But the problem of how to model granular materials has perplexed physicists. In particular, they’d like to better understand how the temperature within an assemblage of granular material affects the system’s dynamics. That understanding will help scientists determine whether the same thermodynamic principles that apply to systems at equilibrium also apply to systems that are far from equilibrium, such as living organisms.

In a paper to be published in the Aug. 21 issue of the journal Nature, a multinational team that includes University of Michigan physicist Franco Nori describes experiments in which the team devised an unusual “thermometer” and used it to test the soundness of the temperature concept in a continuously shaken container of tiny beads.

Temperature measurements actually are a reflection of how excited individual particles in a material are, be they molecules of air or grains of sand.

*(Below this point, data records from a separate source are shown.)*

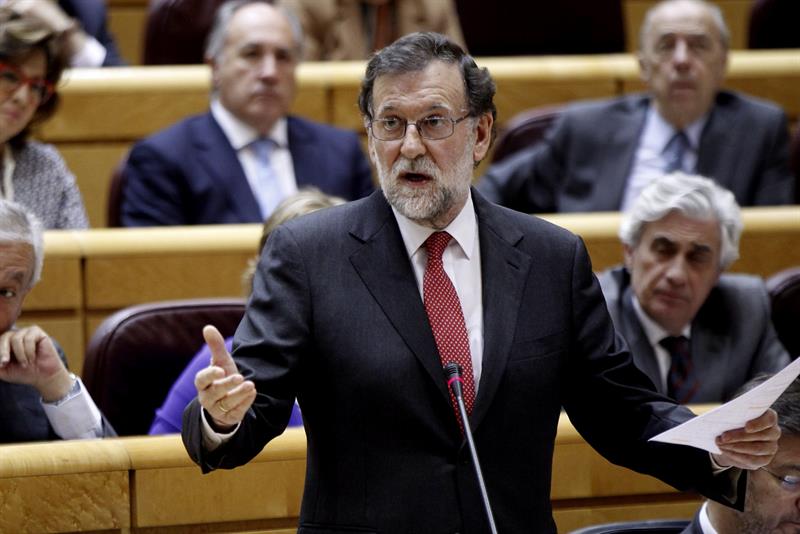 El Gobierno ultima apoyos con Ciudadanos, PNV, Coalición Canaria y Nueva Canarias para salvar las cuentas de 2017 El Gobierno ultima apoyos con Ciudadanos, PNV, Coalición Canaria y Nueva Canarias para salvar las cuentas de 2017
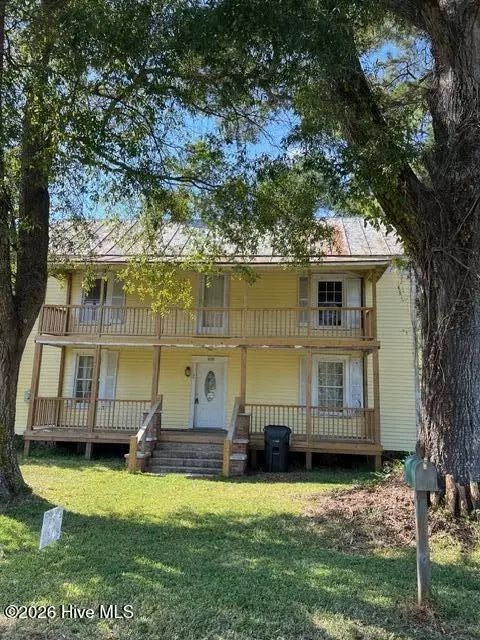 610 Jenkins Ave, Maysville, NC 28555
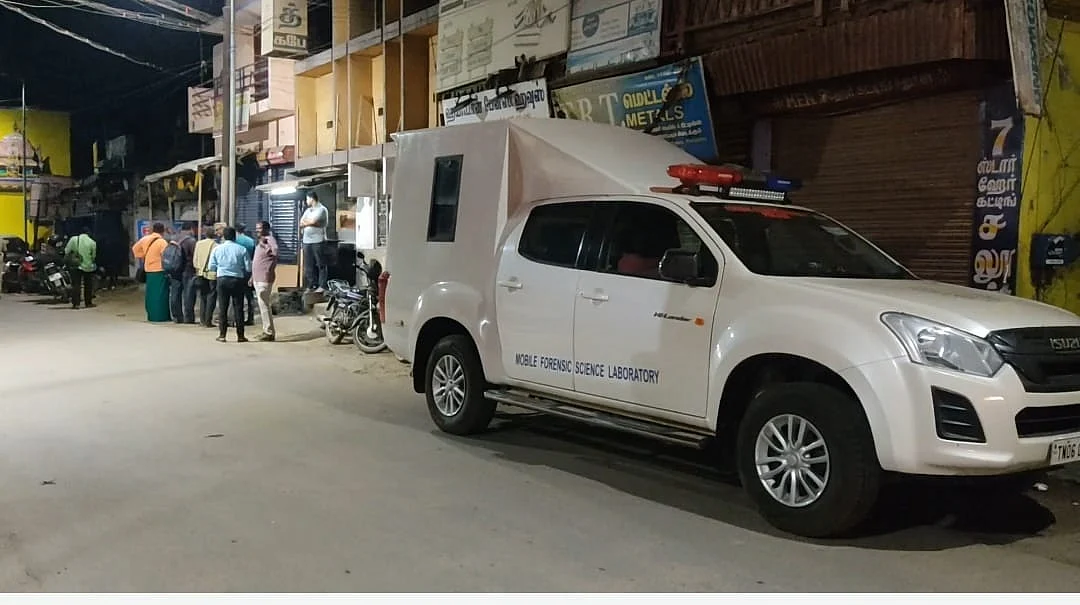 தடயவியல் அதிகாரிகள் ஆய்வு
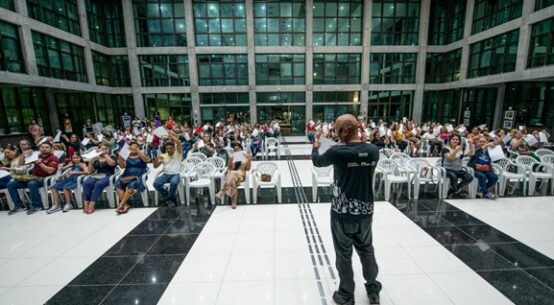 Professores arte-educadores aprendem sobre musicalização para aprimorar aulas na rede municipal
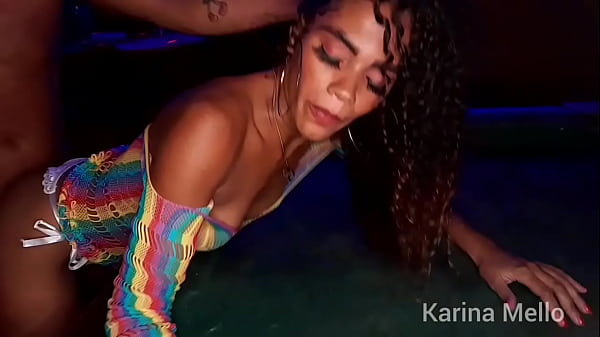 Sexy Latina Teen hat Spaß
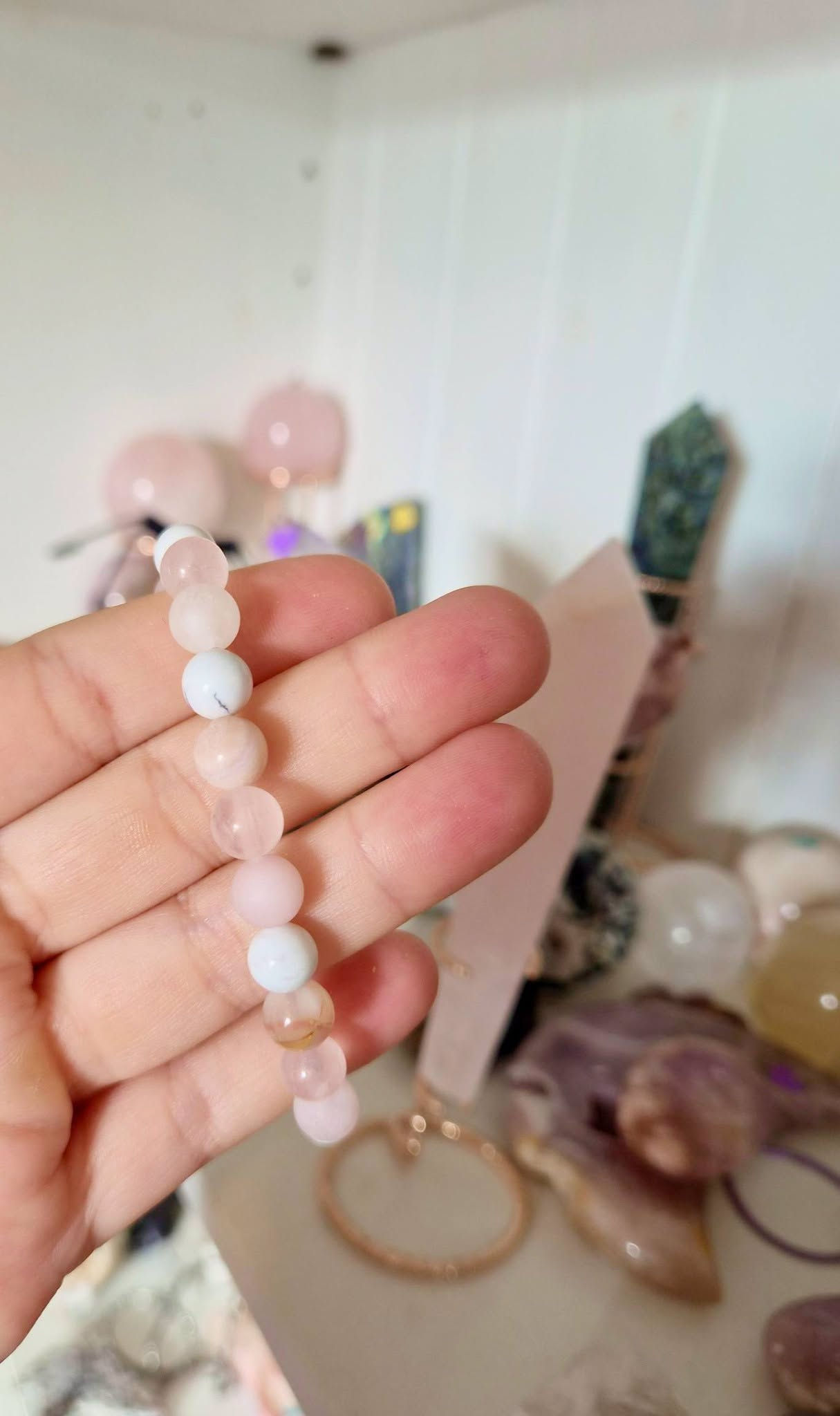 Rose quartz, flower agate, cherry agate & howlite bracelet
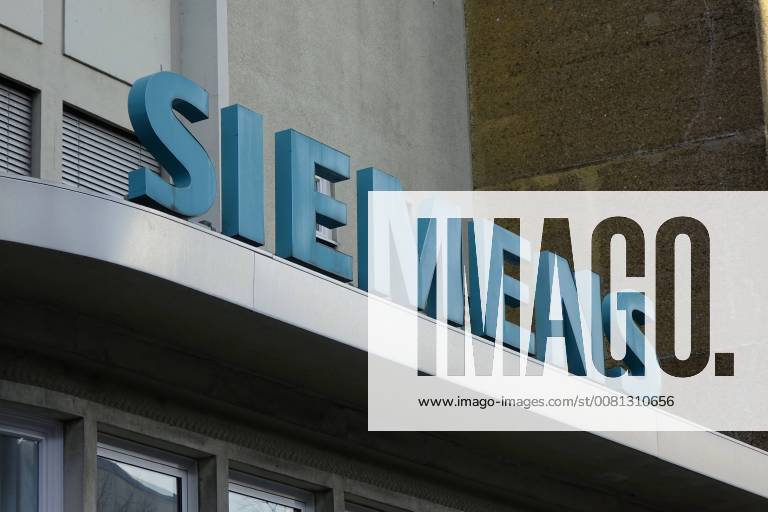 Tiergarten Berlin Moabit Huttenstrasse signature on the gas turbine plant of Siemens Siemens group Siemens AG technology group technology gas turbine plant Berlin gas turbine turbine gas power generation electricity energy energy production logo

In a gas, for instance, molecules vibrate and constantly collide with one another like extremely bouncy rubber balls. If the gas was trapped in a box, the microscopic motion would never stop and the temperature would remain constant. This so-called equilibrium state is possible because no loss of energy occurs in the molecules’ chaotic dancing.

In the work described in the Nature paper, the researchers explored the question of whether temperature can be similarly defined for systems that are not at equilibrium, especially those in which energy is dissipated during collisions. If it can, that means that equilibrium thermodynamic concepts can be generalized to far-from-equilibrium situations.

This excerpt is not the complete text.